Bronx Borough President Vanessa Gibson hopes to inspire other Black women, minorities

Pedro Rivera Image
Thursday, February 27, 2025
Bronx Borough President hopes to inspire other Black women, minorities
Pedro Rivera speaks with Bronx Borough President Vanessa Gibson during Black History Month.

BRONX (WABC) -- It's not always easy being the first at anything.

"I am my ancestors, wildest dreams," said Vanessa Gibson, Bronx Borough President.

Those dreams are playing out in the Bronx as three years ago, Gibson broke the glass ceiling at the 851 Grand Concourse.

In January of 2022, Gibson was sworn in as the first woman and African American to serve as borough president.

"It means that there have to be footprints left behind for the next president, the next African American, the next Latina, the next woman, so that she can see herself in me," Gibson said.

Gibson says she draws inspiration of other Black women who came before her, like late Assemblywoman Aurelia Greene, who introduced her to the Bronx and public service when she interned for Greene.

And her mother, Phyiliss Gibson inspired her during her run in city council from 2014 to 2021.

"She instilled in me the value of hard work. She worked relentlessly, full time, sometimes taking on a second job to provide for my brother and I pushed me to go to college because she never went," she said.

But just as important as it is to enact transformative change in her role, Gibson knows her visibility is just as important, especially in 2025.

Diversity, equity and inclusion has been a talking point both at the national and local levels of government in recent years, it's a fight as a Black woman, Gibson has battled for years.

"Did you ever find challenges being a Black woman?" Eyewitness News asked.

"All the time. When I first got elected almost every day, because there was this sense of just me feeling inferior, feeling as if I didn't belong," Gibson said.

"How do you overcome that?" Eyewitness News asked.

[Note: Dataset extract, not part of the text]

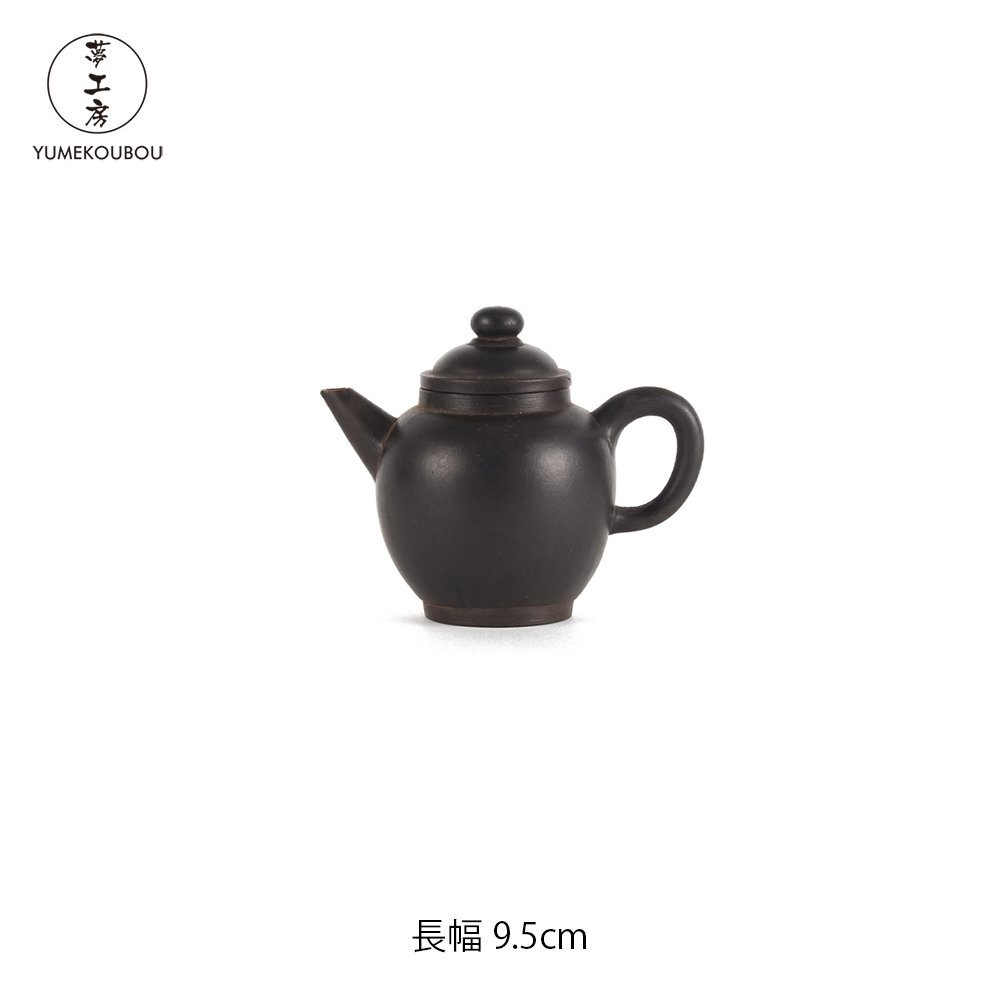 【夢工房】唐物 朱泥 煎茶 急須 箱入 ( 紫泥 紫砂 茶壷 ) BG-422拍卖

"A lot of it is just self-worth, identifying, you know, your worthiness and feeling your own love and then prayer and faith is a source of foundation for me," she said. "It is disheartening to see that. And it doesn't deter me in energizing me to keep going because every movement that we've had in modern society, you have to break down systemic racism and you have to say, you know what? If no one else is going to be the change, it should be me."

And be the change for the next generations to come from the Bronx.

"We will not be in these positions forever. At some point we will step down, we will leave office. And we need to make sure that there are footprints left behind for them to follow, but also to create their own footsteps," Gibson said.

Borough President Gibson says she hopes that she can continue to inspire young Black women and tell her story while she's in office. She tells Eyewitness News that she hopes voters agree as she runs for reelection in November.